BP All right, then without further ado, Eitan, welcome to the program and thanks for joining us.

Eitan Worcel Thanks for having me guys. I really appreciate the opportunity here.

BP So tell folks just quickly, how did you get into the world of software development and what led to you founding a security company with AI in the mix?

EW My journey into software development started the previous millennia during the dotcom era. I went to college to learn computer science with the plan to retire before the age of 30. That didn't happen. I found my way into the cybersecurity market in 2007 as I joined as a developer in a company named Watchfire, working on the first automated DAST scanner named AppScan. After a few years, I switched sides and moved to product management. I moved to the US in 2016, and my last role before starting Mobb was the Head of Product for the entire AppScan business which is a mix of technologies to find vulnerabilities within your applications. Now, at the end of 2021, I left my company and then I joined forces with Jonathan Afek, who is my CTO, and we went to start Mobb with the goal to make a big change in the application security space and the security space as a whole. Instead of focusing on tools that find problems, try to solve problems. That's what we're doing today.
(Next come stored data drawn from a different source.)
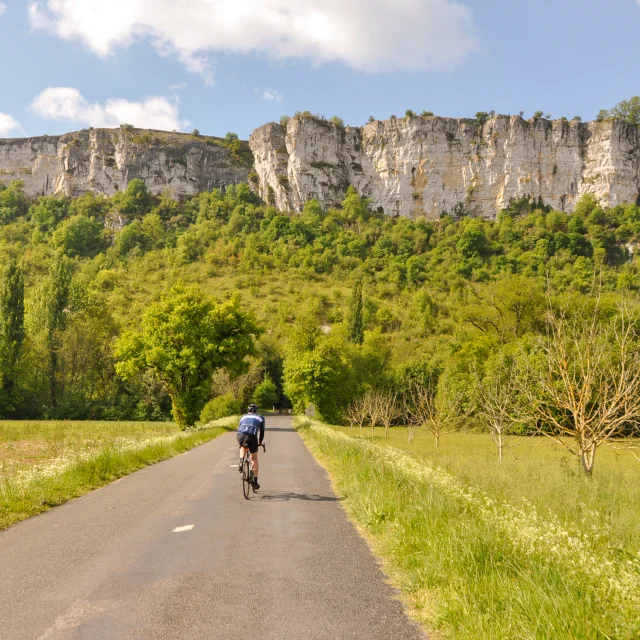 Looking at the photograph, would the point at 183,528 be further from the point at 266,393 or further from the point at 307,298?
the point at 307,298

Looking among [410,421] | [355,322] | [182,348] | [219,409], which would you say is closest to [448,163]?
[355,322]

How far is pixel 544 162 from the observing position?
429 ft

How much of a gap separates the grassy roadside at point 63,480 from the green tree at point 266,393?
194 feet

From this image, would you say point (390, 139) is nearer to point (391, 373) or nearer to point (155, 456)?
point (391, 373)

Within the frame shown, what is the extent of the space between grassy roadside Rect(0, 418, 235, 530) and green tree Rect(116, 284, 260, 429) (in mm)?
13612

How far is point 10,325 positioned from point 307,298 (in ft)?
176

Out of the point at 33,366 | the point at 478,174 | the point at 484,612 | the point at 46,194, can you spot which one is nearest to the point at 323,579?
the point at 484,612

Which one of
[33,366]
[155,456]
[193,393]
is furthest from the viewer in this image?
[33,366]

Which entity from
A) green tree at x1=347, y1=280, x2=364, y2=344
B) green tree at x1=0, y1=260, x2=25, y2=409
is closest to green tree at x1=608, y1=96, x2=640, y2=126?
green tree at x1=347, y1=280, x2=364, y2=344

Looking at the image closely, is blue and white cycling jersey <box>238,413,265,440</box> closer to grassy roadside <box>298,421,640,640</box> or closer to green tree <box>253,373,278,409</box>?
grassy roadside <box>298,421,640,640</box>

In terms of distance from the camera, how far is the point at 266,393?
78188 millimetres

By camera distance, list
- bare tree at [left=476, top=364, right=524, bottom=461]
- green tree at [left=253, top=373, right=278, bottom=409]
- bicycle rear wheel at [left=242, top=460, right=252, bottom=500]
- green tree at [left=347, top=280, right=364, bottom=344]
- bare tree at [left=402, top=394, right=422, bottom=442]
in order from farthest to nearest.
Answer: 1. green tree at [left=347, top=280, right=364, bottom=344]
2. green tree at [left=253, top=373, right=278, bottom=409]
3. bare tree at [left=402, top=394, right=422, bottom=442]
4. bare tree at [left=476, top=364, right=524, bottom=461]
5. bicycle rear wheel at [left=242, top=460, right=252, bottom=500]

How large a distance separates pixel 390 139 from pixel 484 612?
148651mm

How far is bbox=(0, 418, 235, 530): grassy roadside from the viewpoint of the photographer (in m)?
8.55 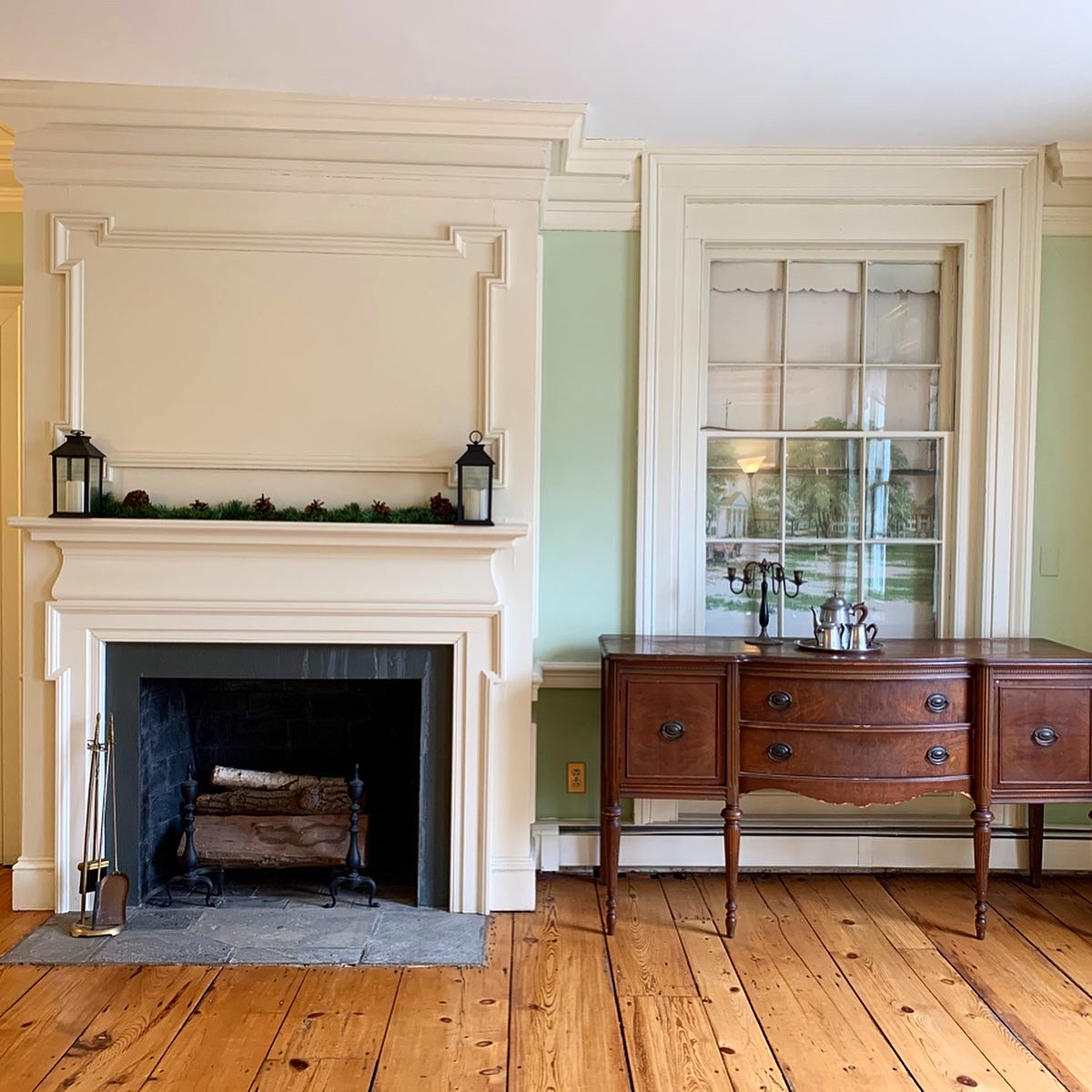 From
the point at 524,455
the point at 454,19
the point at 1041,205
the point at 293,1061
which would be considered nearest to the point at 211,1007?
the point at 293,1061

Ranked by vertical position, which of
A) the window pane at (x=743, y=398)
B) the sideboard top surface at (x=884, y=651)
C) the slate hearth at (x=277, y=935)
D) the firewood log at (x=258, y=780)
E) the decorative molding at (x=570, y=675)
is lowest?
the slate hearth at (x=277, y=935)

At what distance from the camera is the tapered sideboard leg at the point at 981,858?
3072mm

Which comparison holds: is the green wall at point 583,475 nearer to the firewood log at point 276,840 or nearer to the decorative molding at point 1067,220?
the firewood log at point 276,840

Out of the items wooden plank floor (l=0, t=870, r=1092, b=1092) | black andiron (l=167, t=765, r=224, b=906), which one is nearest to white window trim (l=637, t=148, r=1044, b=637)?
wooden plank floor (l=0, t=870, r=1092, b=1092)

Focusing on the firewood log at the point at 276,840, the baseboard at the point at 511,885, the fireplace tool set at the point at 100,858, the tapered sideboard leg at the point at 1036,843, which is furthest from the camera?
the tapered sideboard leg at the point at 1036,843

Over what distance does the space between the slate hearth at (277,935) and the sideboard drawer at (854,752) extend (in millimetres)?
1058

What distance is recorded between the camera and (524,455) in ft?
10.8

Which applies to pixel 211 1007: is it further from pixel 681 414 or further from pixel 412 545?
pixel 681 414

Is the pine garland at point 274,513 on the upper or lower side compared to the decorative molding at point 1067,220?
lower

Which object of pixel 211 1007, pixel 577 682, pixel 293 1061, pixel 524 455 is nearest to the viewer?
pixel 293 1061

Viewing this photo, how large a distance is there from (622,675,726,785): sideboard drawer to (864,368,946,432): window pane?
50.3 inches

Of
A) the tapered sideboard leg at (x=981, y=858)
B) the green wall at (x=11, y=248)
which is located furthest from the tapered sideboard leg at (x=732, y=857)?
the green wall at (x=11, y=248)

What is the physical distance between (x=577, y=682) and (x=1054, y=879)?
1874mm

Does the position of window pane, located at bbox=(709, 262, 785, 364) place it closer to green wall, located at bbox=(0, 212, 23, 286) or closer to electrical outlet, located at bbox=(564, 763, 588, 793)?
electrical outlet, located at bbox=(564, 763, 588, 793) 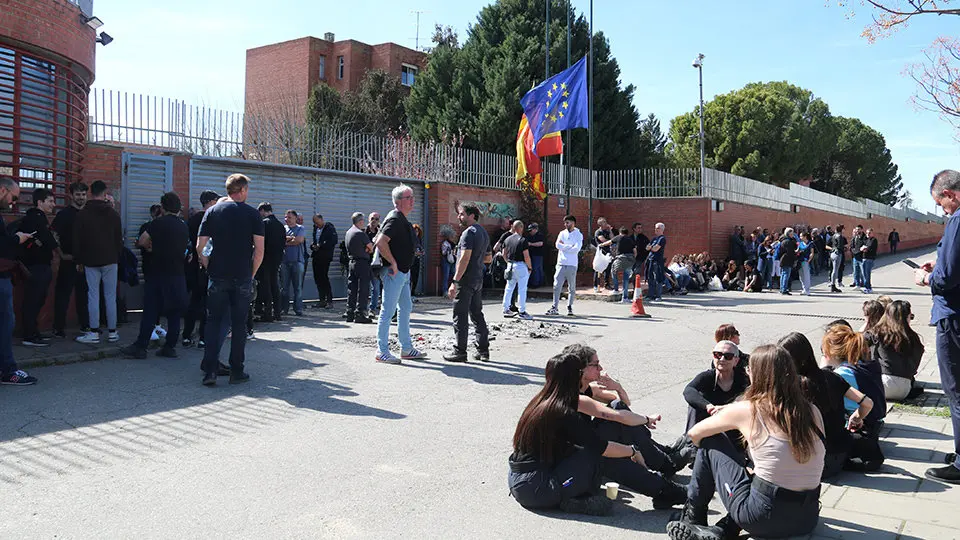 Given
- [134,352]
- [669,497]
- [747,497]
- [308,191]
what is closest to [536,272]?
[308,191]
RD So you've obviously been in the security space for a while working on the dynamic application security testing. How does AI change everything? I mean, not everything– the security.

EW It changes a lot. I think that AI in general, not just Gen AI, but AI in general is good at doing a lot of repetitive work instead of manual work. There is a lot of repetitive work in security in general and application security in specific. We are focusing at the moment on a technology called static analysis, which is scanning the application source code, first party, the code that your developers are writing, in order to find vulnerabilities. And what we want to do is take those reportings and fix them automatically. Doing it manually is not working. For many years, that just didn’t work, and AI helps us significantly in how we are able to remediate the reported findings.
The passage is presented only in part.